Task directions: Once you have read the listing, write it all out exactly.
___ Source data
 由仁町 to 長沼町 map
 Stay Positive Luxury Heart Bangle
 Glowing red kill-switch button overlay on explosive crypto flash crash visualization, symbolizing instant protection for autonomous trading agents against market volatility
______
Your response:
 由仁町 to 長沼町 map
 Stay Positive Luxury Heart Bangle
 Glowing red kill-switch button overlay on explosive crypto flash crash visualization, symbolizing instant protection for autonomous trading agents against market volatility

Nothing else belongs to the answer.